Reserve Bank of India has requested foreign banks operating in India to report details of all offshore trades involving rupee interest rate products

India’s central bank asked lenders to widen the scope of reporting offshore interest rate derivative trades as it seeks to better manage overseas flows, according to people familiar with the developments.

The Reserve Bank of India has requested foreign banks operating in India to report details of all offshore trades involving rupee interest rate products, the people said, adding the disclosure would help enhance oversight of client positions. Currently, not all offshore trades are reported, especially those carried out by overseas lenders with offshore clients outside of India market hours, they added.

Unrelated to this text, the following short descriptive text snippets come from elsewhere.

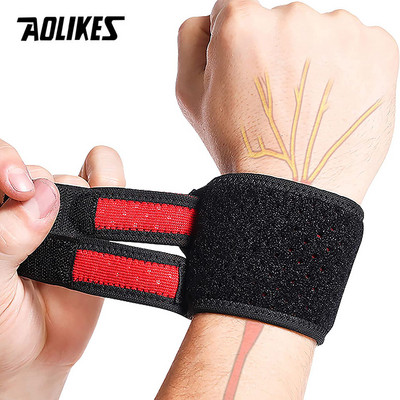 AOLIKES 1PC Регулируема опорна скоба за китка Фитнес зала Wrist Wraps Маншет Баскетбол Тенис Вдигане на тежести Поддръжка за китката Карпален тунел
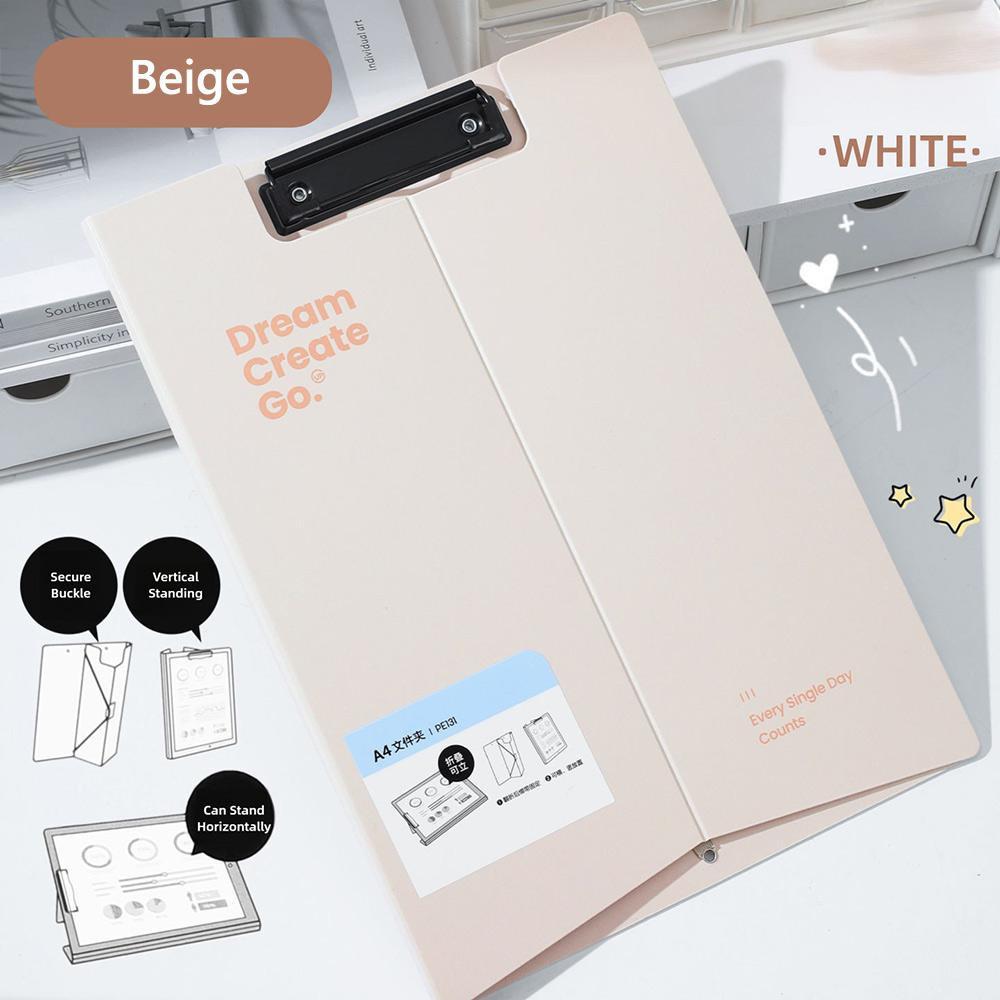 Multifunctional Dual Use A4 File Folder Vertical/Horizontal Use Clipboard Contract Folder Gift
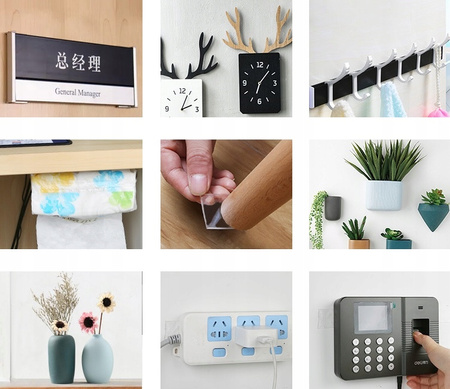 Nanotaśma dwustronna bezbarwna super mocna montażowa wodoodporna 3m gruba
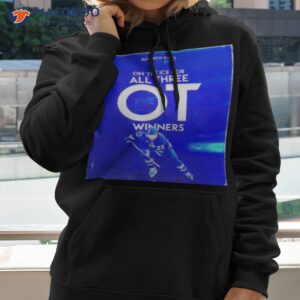 matthew knies on the ice for all three ot winnders t shirt hoodie 2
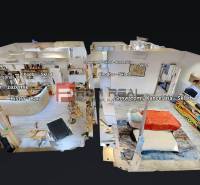 3D alaprajz kereskedelmi helyiségekkel, bisztró-bárral és irodákkal.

Senior RBI officials recently met with several lenders, asking them to increase reporting of non-deliverable overnight index swap rates to the central bank or the clearing house it supervises, the people said, asking not to be identified as the mater is private.

The discussions come as offshore trading of Indian financial instruments grows, with daily average offshore dollar-rupee trades tripling to $46 billion in 2022, according to the most recent triennial survey from the Bank for International Settlements. The central bank is looking to bring these trades onshore, partly to reduce the divergence in rates between the two markets and limit volatility in local markets, they said.

An email to the central bank seeking comment on the matter went unanswered. The central bank’s October report noted the growth of the offshore derivatives markets and the “wide variation” between overseas and onshore rates.

NDOIS are over-the-counter interest rate derivatives settled based on exchange rate differences rather than actual currency delivery. Some offshore investors prefer these instrument to bet on the direction of Indian interest rates rather than the onshore market, which is under the RBI’s oversight.

In 2019, the RBI allowed overseas investors into India’s rupee interest rate swap market via foreign-currency settled OIS contracts, benchmarked to the Mumbai Interbank Outright Rate. All such trades are to be reported to the Clearing Corp. of India.